--- START ---
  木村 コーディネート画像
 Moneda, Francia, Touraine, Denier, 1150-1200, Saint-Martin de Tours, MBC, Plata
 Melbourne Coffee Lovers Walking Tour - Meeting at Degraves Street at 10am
--- END ---
--- START ---
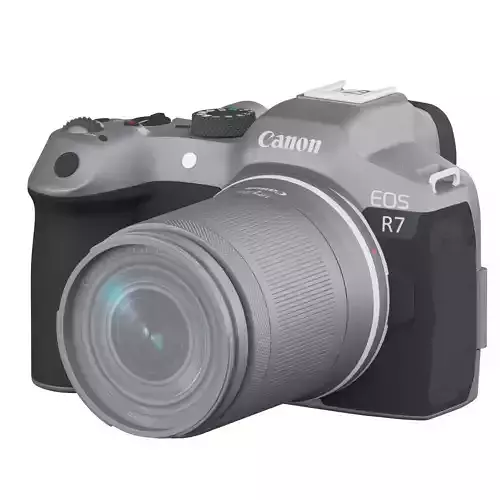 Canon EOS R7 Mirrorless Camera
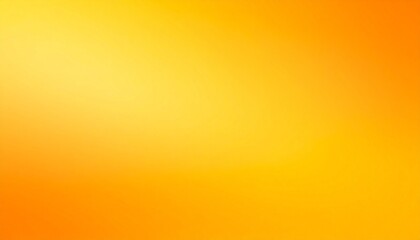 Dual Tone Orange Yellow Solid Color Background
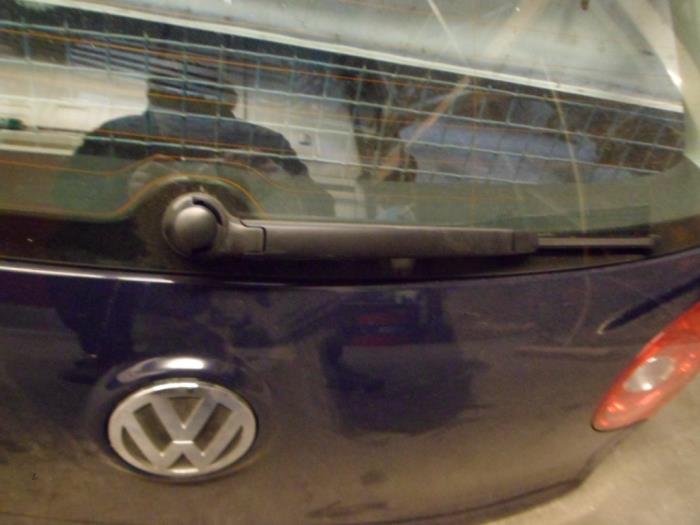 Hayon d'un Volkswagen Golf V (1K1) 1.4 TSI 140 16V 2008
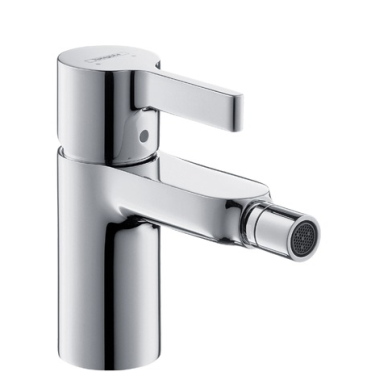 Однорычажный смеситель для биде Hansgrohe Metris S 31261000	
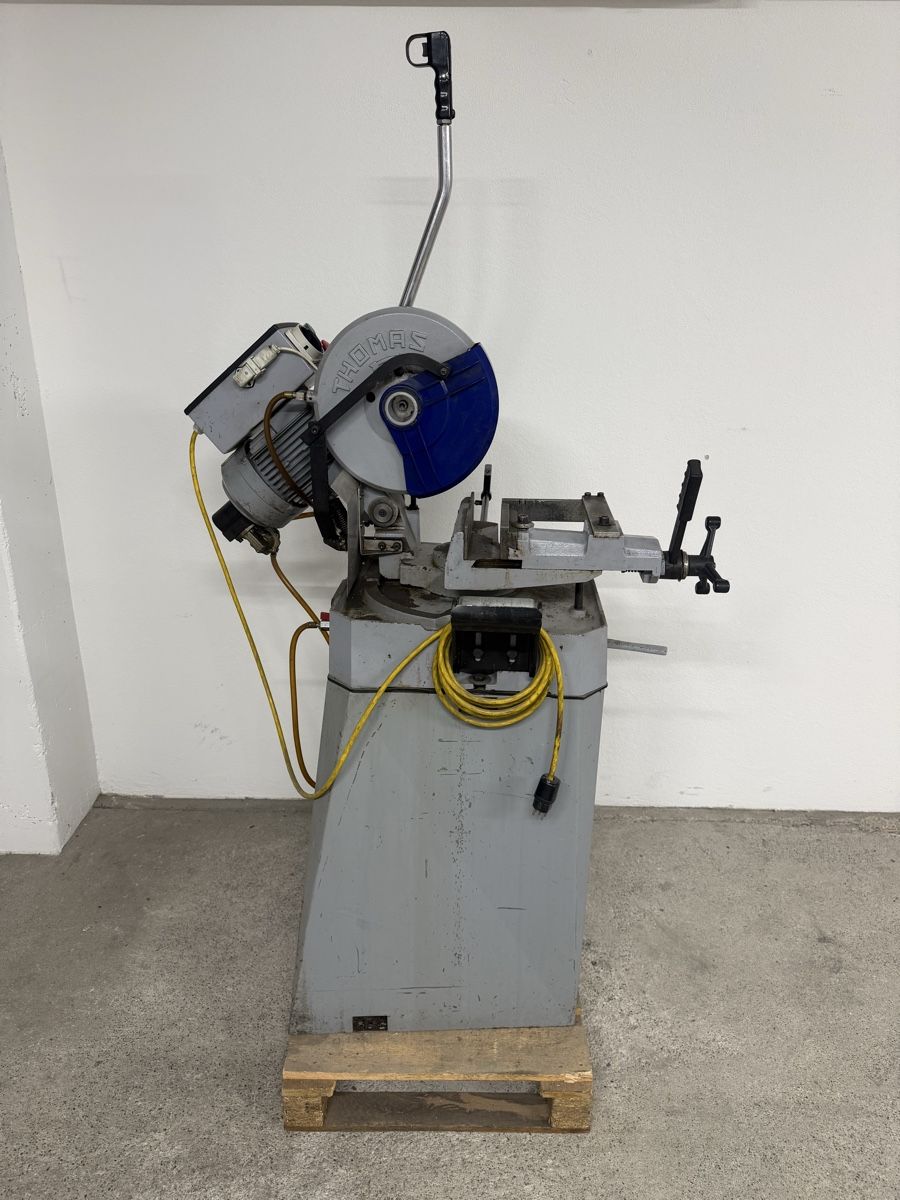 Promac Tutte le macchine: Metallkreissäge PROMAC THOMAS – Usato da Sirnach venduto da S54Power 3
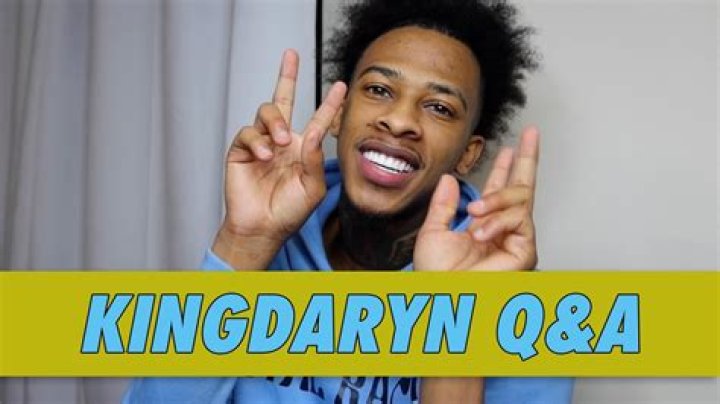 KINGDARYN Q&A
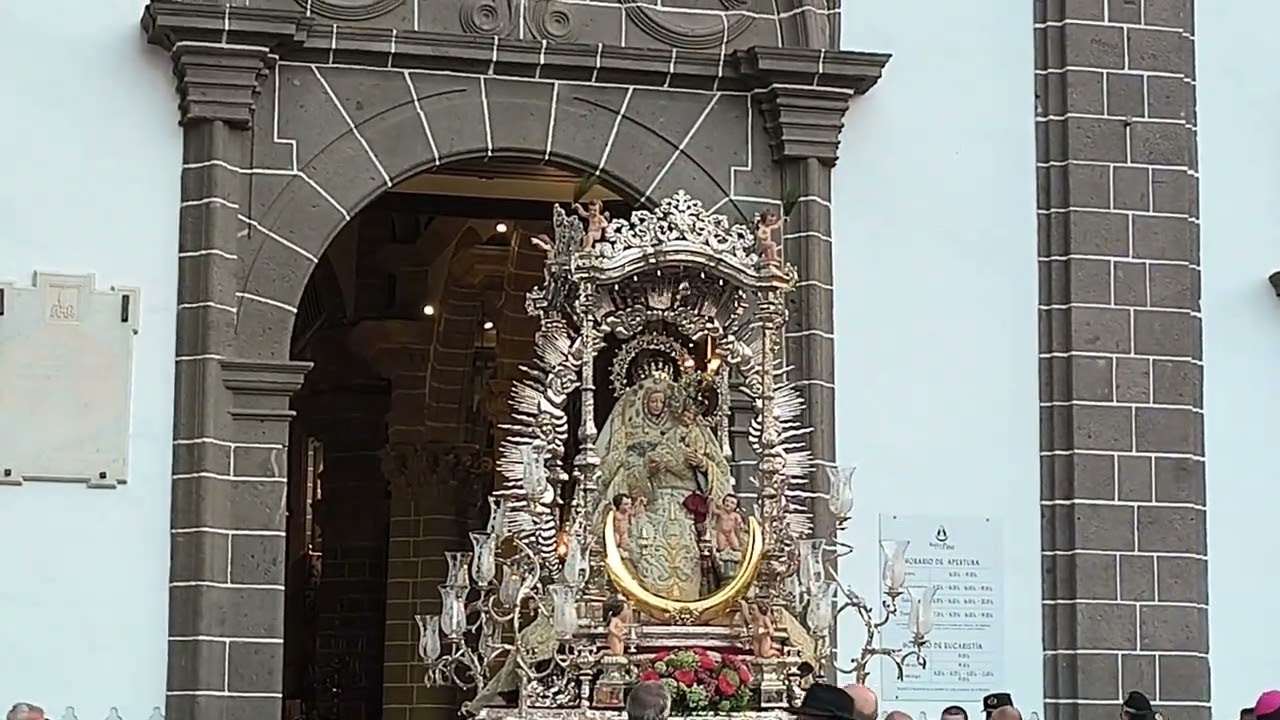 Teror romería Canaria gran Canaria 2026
--- END ---
--- START ---
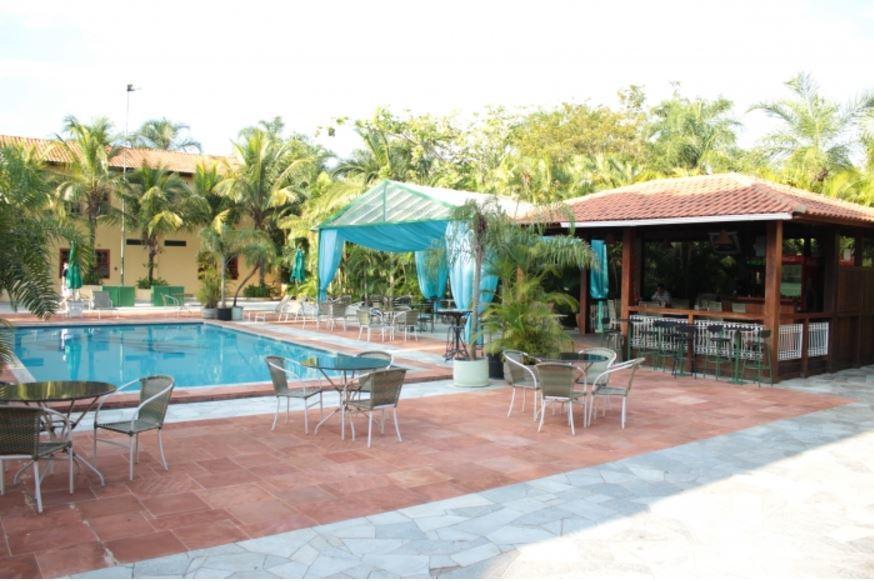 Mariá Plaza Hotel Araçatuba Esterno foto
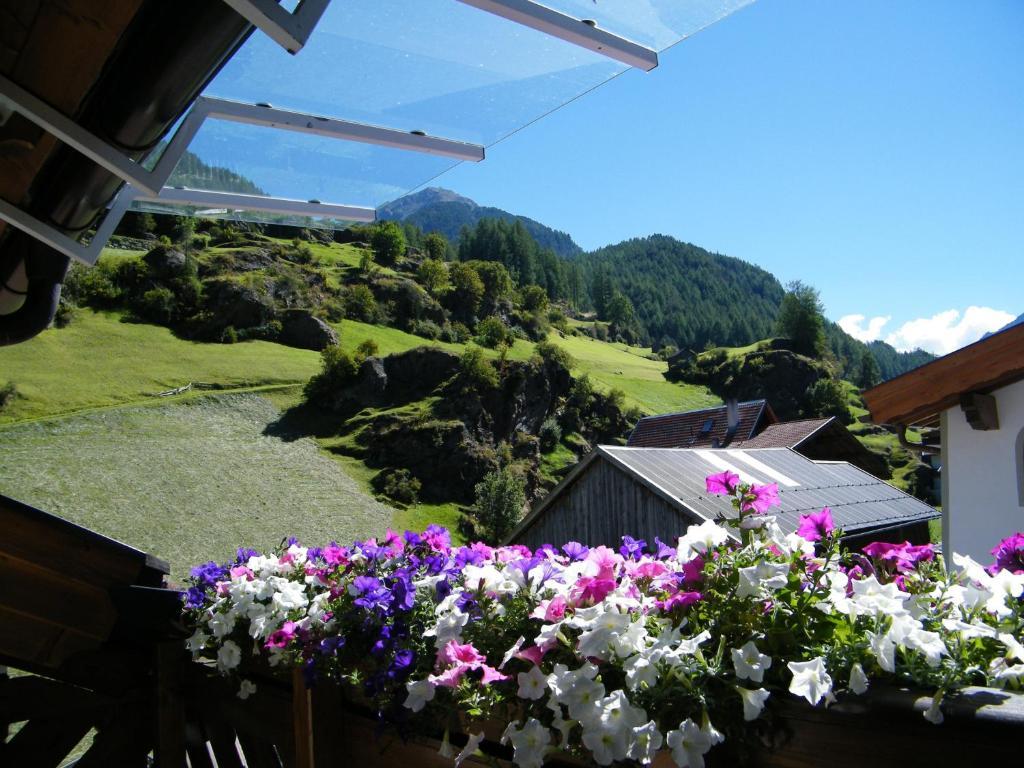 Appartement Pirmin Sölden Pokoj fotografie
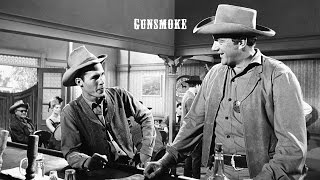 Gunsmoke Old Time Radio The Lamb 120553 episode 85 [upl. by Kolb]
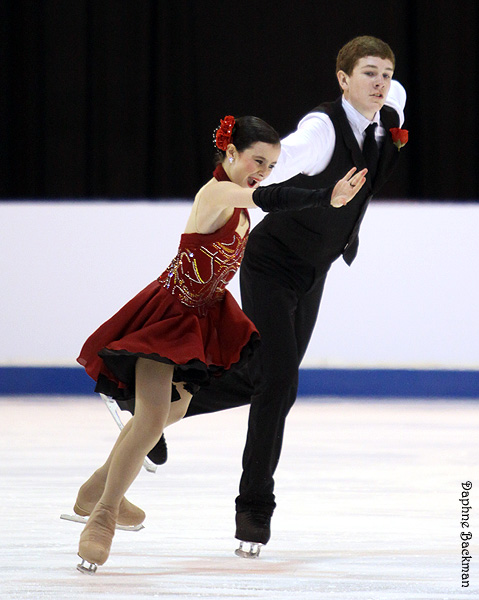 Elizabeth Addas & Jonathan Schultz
--- END ---
» Your assignment
Reproduce the listing above exactly from the line containing "Promac Tutte le" up to and including the line containing "Teror romería Canaria gran Canaria 2026", omitting any images and everything outside those lines.

» Response
 Promac Tutte le macchine: Metallkreissäge PROMAC THOMAS – Usato da Sirnach venduto da S54Power 3
 KINGDARYN Q&A
 Teror romería Canaria gran Canaria 2026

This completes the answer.